はじめに
今でこそスタジオ練習の時、曲の構成確認などのためにスマートフォンやレコーダーで録音する人は多いと思う。
ひと昔前は、カセットテープやCD-Rなどの媒体が必要だったりと、今ほど手軽ではなかったのだが、スマートフォンの登場で”録音“という作業がより身近になった。
ここでは、手軽なスマホ録音よりも、より優秀な”ハンディレコーダー“について深掘りしてみたのでその有用性と実用例を紹介したい。
ハンディレコーダー”H4n”とは
まず、スマホ録音とハンディレコーダーの決定的な差というのは「音質」である。
説明するまでもないかもしれないが、スマホのボイスメモは、会話を録音するものであり、バンドのスタジオ練習といった”爆音“を録るのには向いていない。
たとえ安価なハンディレコーダーであったとしても、たとえそれをアンプの上などにラフに置いたとしても、ハンディレコーダーの方が”素材”として良いものが録れるというのが私の経験談だ。
そこで紹介したいのが、ZOOMのハンディレコーダー”H4n”である。
この製品は現在では第三世代の“H4n Pro”にまでアップデートされており、バンドマンのニーズに特化したハンディレコーダーなのだ。
具体的に言うと、現場でのライブ録音はもちろん、ライン入力による4チャンネルのMTRや、PCと楽器を接続するオーディオインターフェースにもなってしまうという多機能ぶりなのである。
要するに、スタジオでの“素材集め”から、自宅での“楽曲制作”といった作業が、この一台でできてしまうのだ。
それでは、次にわたしの使用例を紹介する。
私のH4nの使い方(ステレオ録音編)
私はスタジオ練習中、ずーっとレコーダーを録り続けている。
なぜかというと、練習中の会話も収録することで、あとで聴いたときに”なぜそのような編曲に至ったのか“といった裏付けを思い出すための、いわば議事録的な運用ができるからだ。
それと、スタジオ内での他愛のない会話が、曲のアレンジや、はたまたバンドの活動方針などにも活きてくることがあるので、2時間でも3時間でも、部屋に入ってから出る直前まで録り続ける。
これは、SDカード式の”H4n”であるからこその芸当であり、スマホ録音だと容量が気になってそこまで録り続けることは難しいだろう。

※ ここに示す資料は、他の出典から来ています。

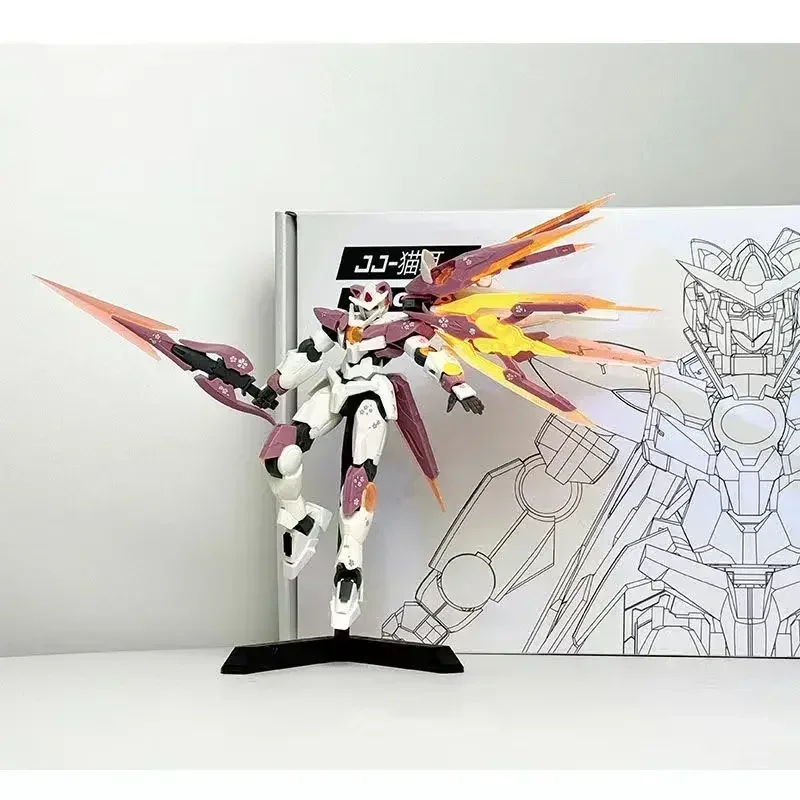 Assembled Model Kit Jujiang 5501 Jj Cat Ears 00q HG1/144 Gundam Assembly Kit Model Ornament Mecha Trendy Figure Toy Boy Gift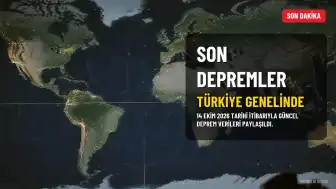 14 Ekim 2026 Son Depremler: İstanbul, Ankara, İzmir ve Türkiye Genelinde Son Durum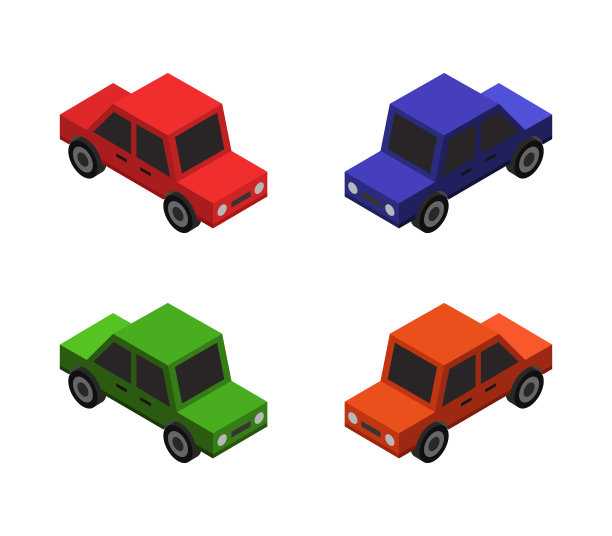 汽车图标在白色背景图片下载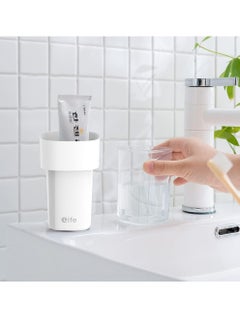 Oasisgalore Toothbrush Holder for Bathroom with 5 Toothbrush Head Protective Case, oothbrush Travel Container for Camping School Business Trip Shower  - Image 3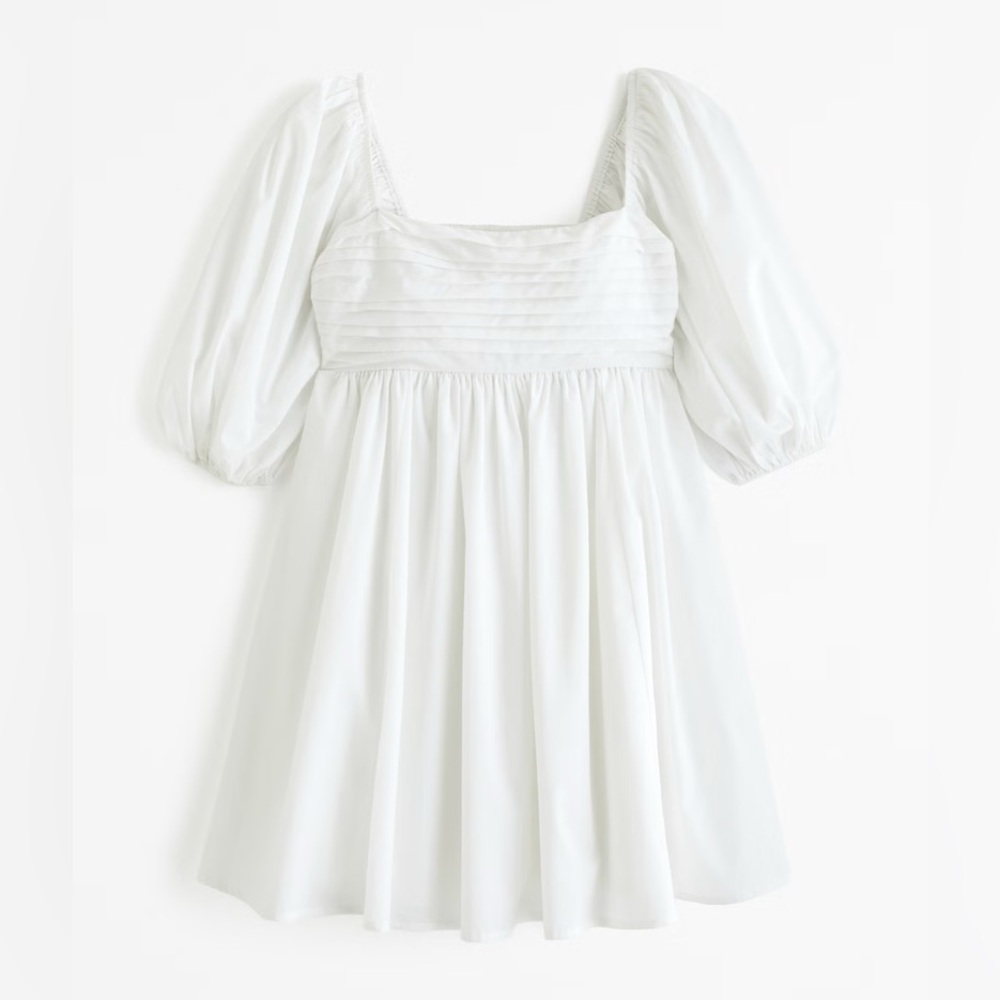 Abercrombie and Fitch - Emerson Poplin Puff Sleeve Mini Dress - SMALL TALL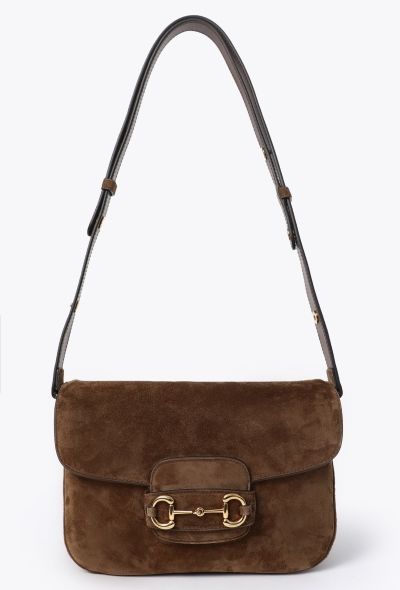 Gucci F/W 2025 Horsebit 1955 Aura Medium Shoulder Bag - 1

私のバンドはセッティングの最中にジャムセッションが始まることが多かったのだが、それも録りこぼすことなく、隅々まで聴きかえすことができた。
そして、後の新曲はこれらの素材から作られることが多かったことから、この”録り続ける”といった行為は私の定番となった。
私のH4nの使い方(オーディオインターフェース編)
もう一つ有効な使い方として、スタジオ内で”H4n”とPCとミキサーを接続し、手軽にプレイバックするモニター環境を作ることで、曲作りの効率が劇的に良くなるという使用例を紹介しておきたい。
“H4n”をオーディオインターフェースとして使うということなのだが、スタジオ練習時にPCと接続するというのがポイントだ。
具体的に言うと、H4nをステレオ録音モードにしPCと接続する。
そしてPCの音声出力端子とミキサー卓をつなぐ。
要するに、H4nが集音マイクとなり、PC内の音楽編集ソフト(GarageBandなど)に音声データが取り込まれる。
それをミキサーから出力して、メンバー全員で確認するという方法である。
取り込まれた”音声データ”は、キー操作やクリック1発でプレイバックすることができるので、曲のアレンジ案を聴き比べる作業が楽になり、効率的な作曲が可能になる。
これはセッティングに多少時間がかかるものの、スタジオ練習の効率が格段に良くなるので、作曲やアレンジ段階のスタジオ練習には、特にお勧めしたい。
まとめ
ハンディレコーダーで録音することの最大のメリットは、バンドの音を”データ化”することによって、メンバーとシェアしたり、自宅に持ち帰っての編曲作業が可能になることである。
録音した曲のスケッチを繰り返し聴くことでイメージが膨らんだり、アレンジが思いついたりと、たった数分の音声データの有用性は無限大ではないだろうか。
まだ”H4n”シリーズを試したことがないのであれば、メンバーでお金を出しあってでも手に入れてほしい。